Ich vertraue dem Sachsen! Trotz allem! Und rufe genau auf dem Tag zwei Monate vor unserem Reisebeginn an. Diesmal ist eine Frau mit Whiskeystimme am Apparat, die mich an die Staatsanwältin vom Münster-Tatort erinnert. Wir kommen gut klar. Das Problem ist die Technik! „Das System nörgelt. Was will der von mir?“ fragt sie ihren Computer. „Ah, man muss nur wissen wie!“, stellt sie schließlich selbst erleichtert nach 29 Minuten fest. Wir schaffen es tatsächlich, die Hinfahrt zu buchen. Die Rückfahrt geht leider nicht. Die Zeitrechnung in Polen ist offensichtlich eine andere. Zwei Monate sind eben nicht gleich zwei Monate – wenn eine Grenze dazwischen ist, lerne ich. Wir verabschieden uns irgendwie beide erleichtert mit ihren Worten: „Rufen Sie morgen wieder an und sagen dem Kollegen, dass Sie zu einem bestehenden Auftrag dazu buchen möchten.“ Morgen sind vielleicht auch in Polen die zwei Monate um.

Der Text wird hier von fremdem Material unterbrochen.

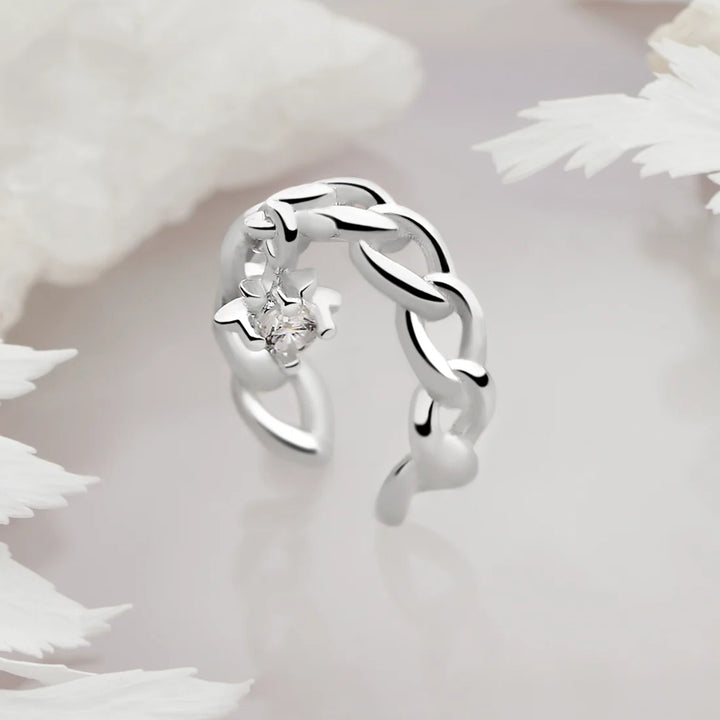 Zirconia Charm Ear Cuff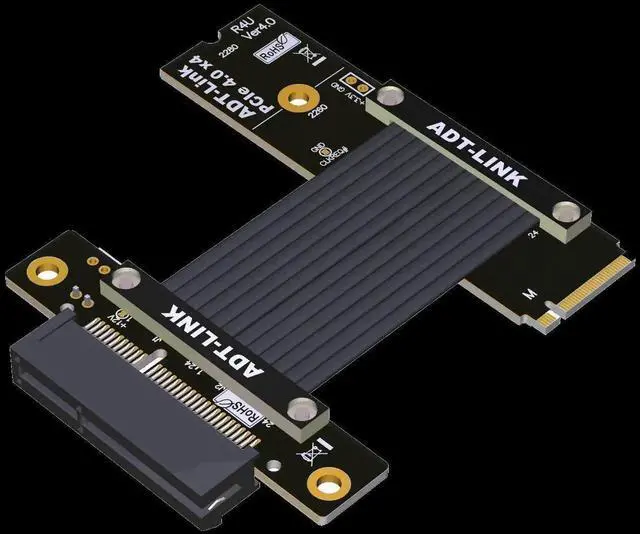 Alt view image 3 of 6 - M.2 NVMe To PCIE 4.0 Extender Riser Adapter For PCIe X4 Slot USB, Wireless LAN, SSD, Capture Cards To M.2( SSD, M-key)extension Gold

Das mache ich und lande tags darauf nach nur drei Minuten bei einer mir noch unbekannten Kollegin des Deutsche-Bahn-Auslandsdienstes: Ich sage brav den Satz, den ich mir aufgeschrieben habe, um ja nichts falsch zu machen. Und die Frau mit der dünnen Stimme antwortet kurz: „Und wie ist Ihr PIN?“ PIN, wieso PIN? Es sollten mein Name und die Postleitzahl reichen – so hatte es mir Frau Wiskeystimme versprochen. Ich atme ganz ruhig, schließlich bin ich Yoga-erfahren. „Wie ist denn nun Ihr fünfstelliger Code?“, setzt die neue Auskunftsdame nach. Ich erwidere, was ihre Kollegin gesagt hat. Der Hinweis auf die rauchige Stimme bewirkt Wunder. Sie erkennt die Kollegin offensichtlich wieder und fragt bei ihr nach. Zum Glück hat  auch sie gerade Dienst. Schließlich geht es auch ohne Code, meine Visa-Nummer öffnet mir ein Türchen ins ferne Zugabteil. Dann aber lande ich wieder in der Sprechschleife: „Bitte haben Sie noch etwas Geduld. Wir sind gleich für Sie da!“. Ich schaue aus dem Schreibzimmerfenster, beobachte die Vögel, um mich abzulenken. Schließlich schaltet sich die Fispelstimme wieder dazu: „Ich weiß nicht, was die Kollegin gemacht hat. Ich verstehe das System auch nicht!“ Auch wir sprechen uns aufmunternde Worte zu. „Das klingt voll nach Chaos und Abenteuer“, sagt sie im vertrauten Ton – und weiß, dass unser Telefonat vielleicht als Qualitätskontrolle mitgeschnitten wird.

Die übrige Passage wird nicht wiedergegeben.